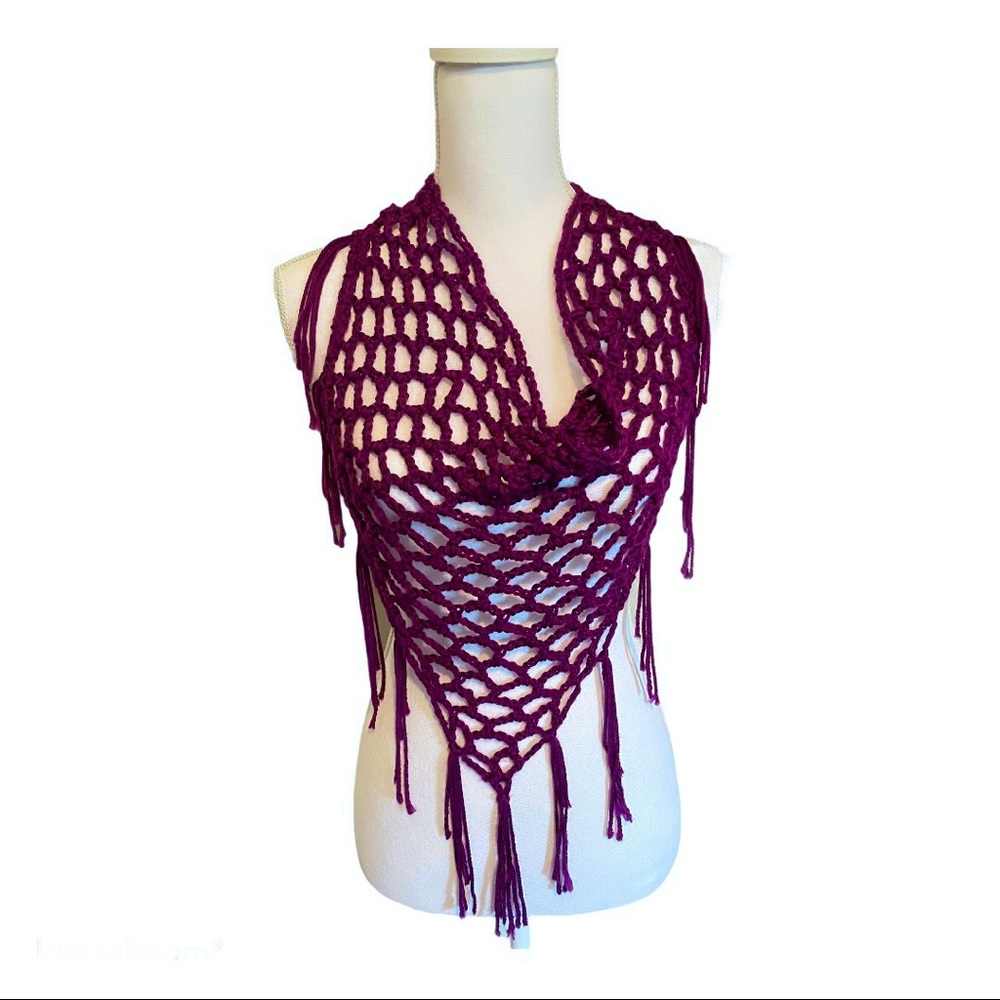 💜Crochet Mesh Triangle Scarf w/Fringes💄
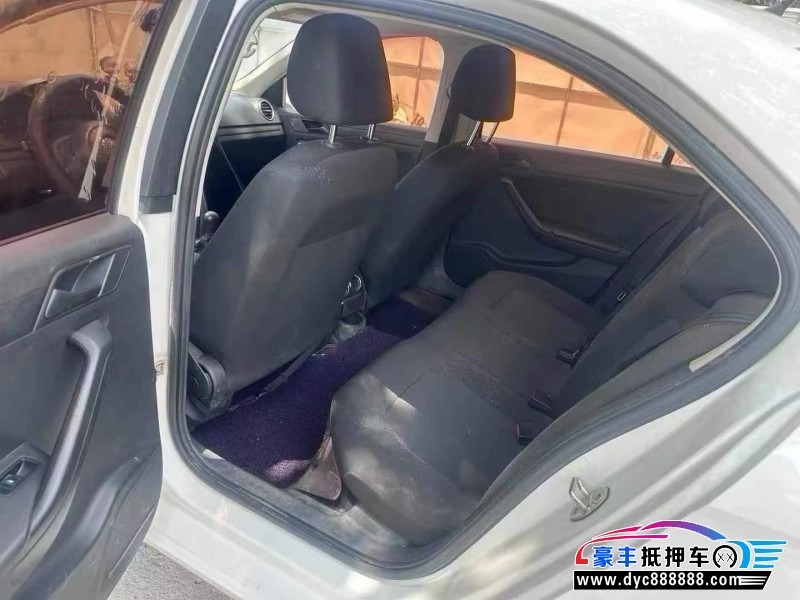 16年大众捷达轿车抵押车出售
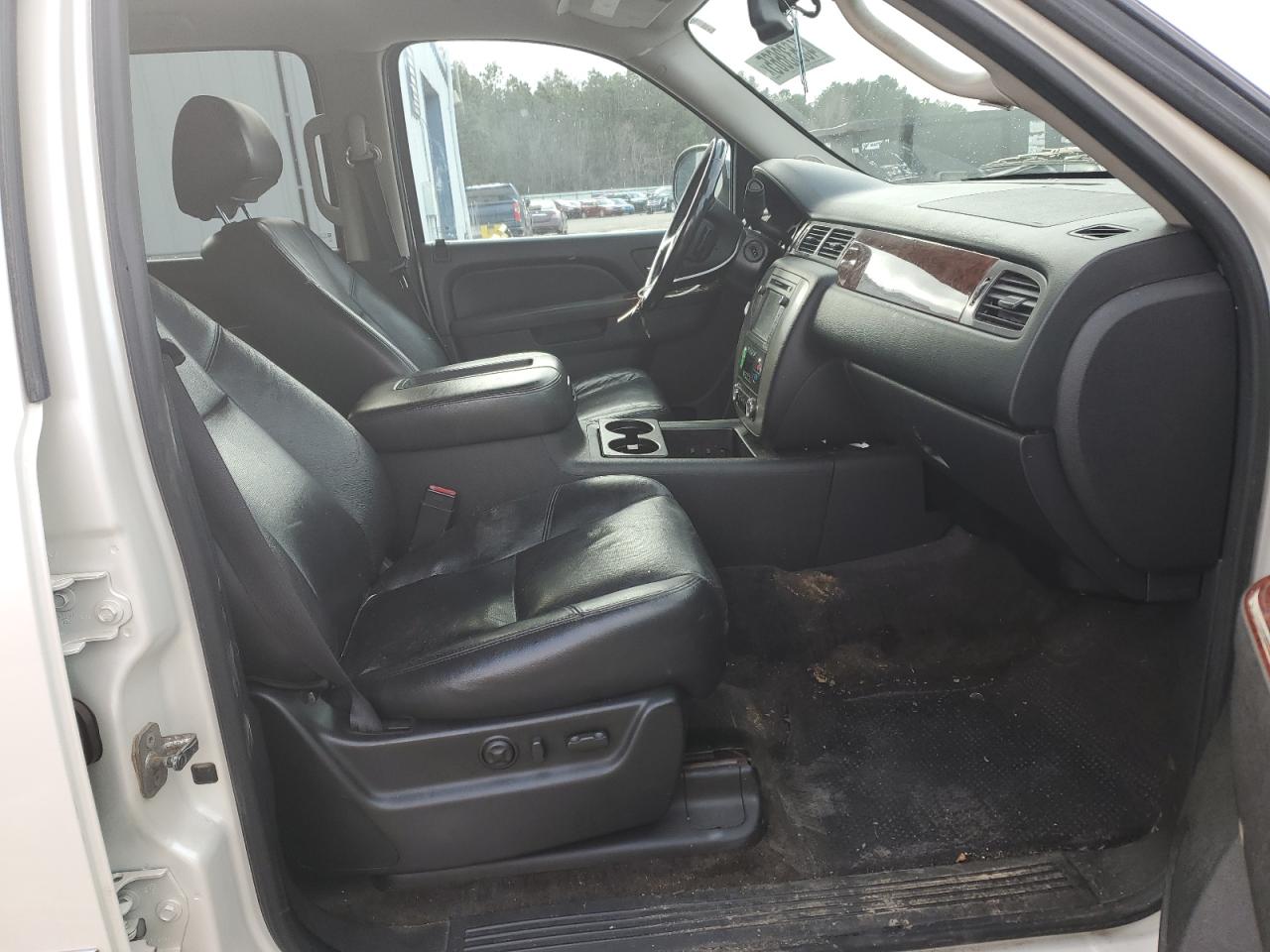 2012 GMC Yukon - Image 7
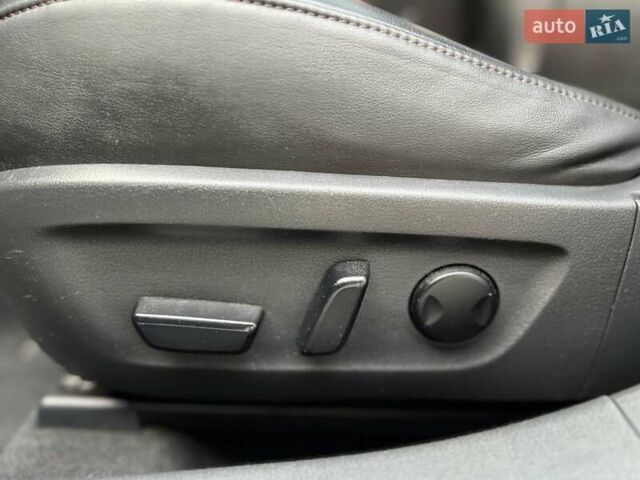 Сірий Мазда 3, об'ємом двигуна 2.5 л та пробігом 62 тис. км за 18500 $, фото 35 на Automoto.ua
■ ■ ■
Work to be completed →
Leave the images out and transcribe the rest of the material exactly.

Output for this task →
 💜Crochet Mesh Triangle Scarf w/Fringes💄
 16年大众捷达轿车抵押车出售
 2012 GMC Yukon - Image 7
 Сірий Мазда 3, об'ємом двигуна 2.5 л та пробігом 62 тис. км за 18500 $, фото 35 на Automoto.ua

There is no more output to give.